I remember watching old footage of young girls screaming their brains out and then collapsing in a heap as The Beatles performed. I asked my parents what was wrong. It scared me. It seemed that something terrible was happening. These people were having an experience that was too much for them. They were willing to do anything, in my eyes: throw themselves from cliffs, rend flesh, erase their own personhood in the face of irrational yearning. I feared for their sanity and, perhaps, my own. I didn't like seeing people on the edge.
But that is me. Lady Gaga is composed of sturdier stuff. She wants nothing more than to stand out there, alone on the stage surrounded by a numberless, raving throng. She wants to bring back the super-fan.

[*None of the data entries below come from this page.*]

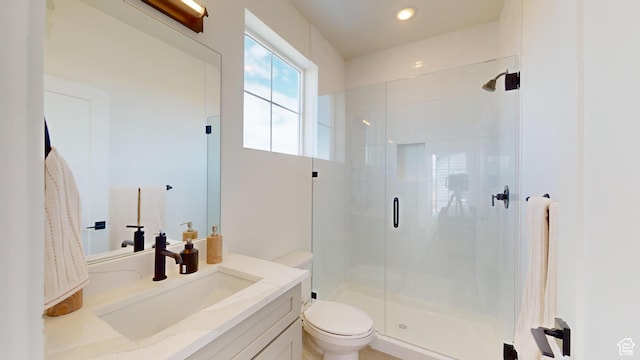 full bathroom featuring toilet, a shower stall, and vanity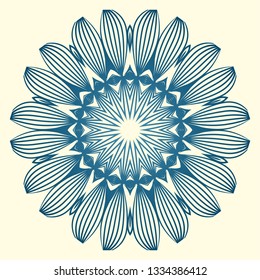 Vintage Invitation Card With Mandala Pattern. Decorative Elements. Vector Illustration. Anti-Stress Therapy Pattern. White blue colour.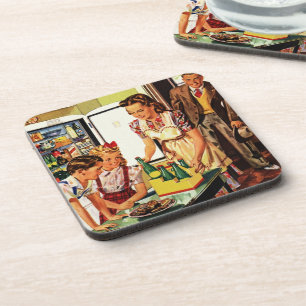 Vintage Familie in der Küche Mama Vater Kinder Sna Getränkeuntersetzer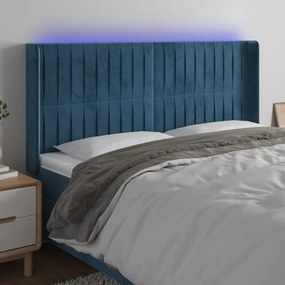 3124344 vidaXL Tăblie de pat cu LED, albastru închis, 163x16x118/128cm catifea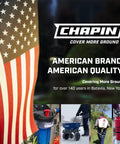 Chapin brand advertisement showcasing American quality with equipment images and text highlighting over 140 years in Batavia, New York.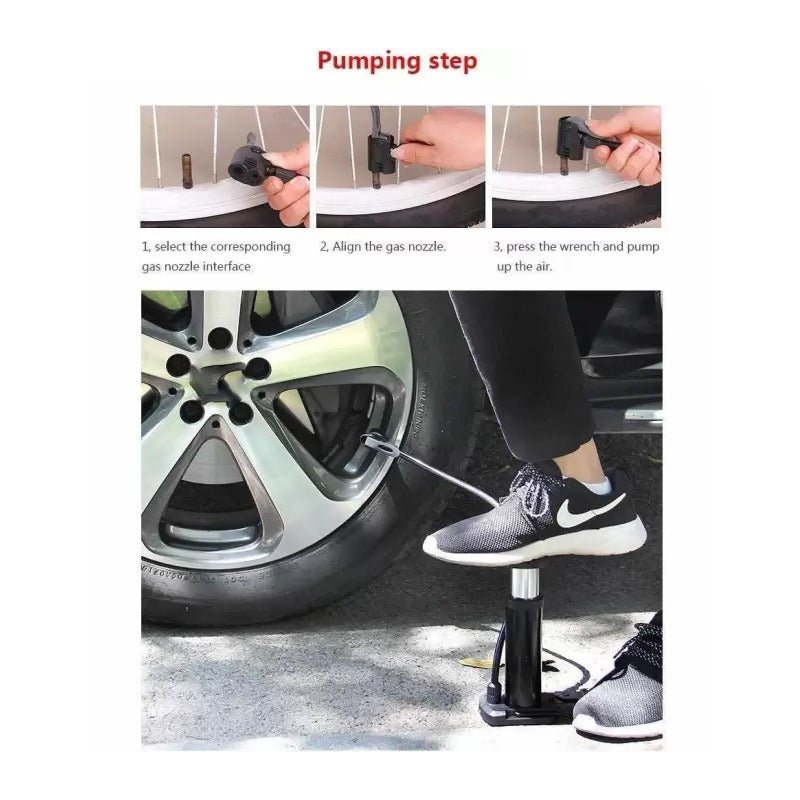 Mini Foot Pump – Portable Tire Inflator with Gauge | Velvet Wheels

"When I'm writing music, I'm thinking about the clothes I want to wear on stage. It's all about everything altogether — performance art, pop performance art, fashion. For me, it's everything coming together and being a real story that will bring back the super-fan. I want to bring that back. I want the imagery to be so strong that fans will want to eat and taste and lick every part of us."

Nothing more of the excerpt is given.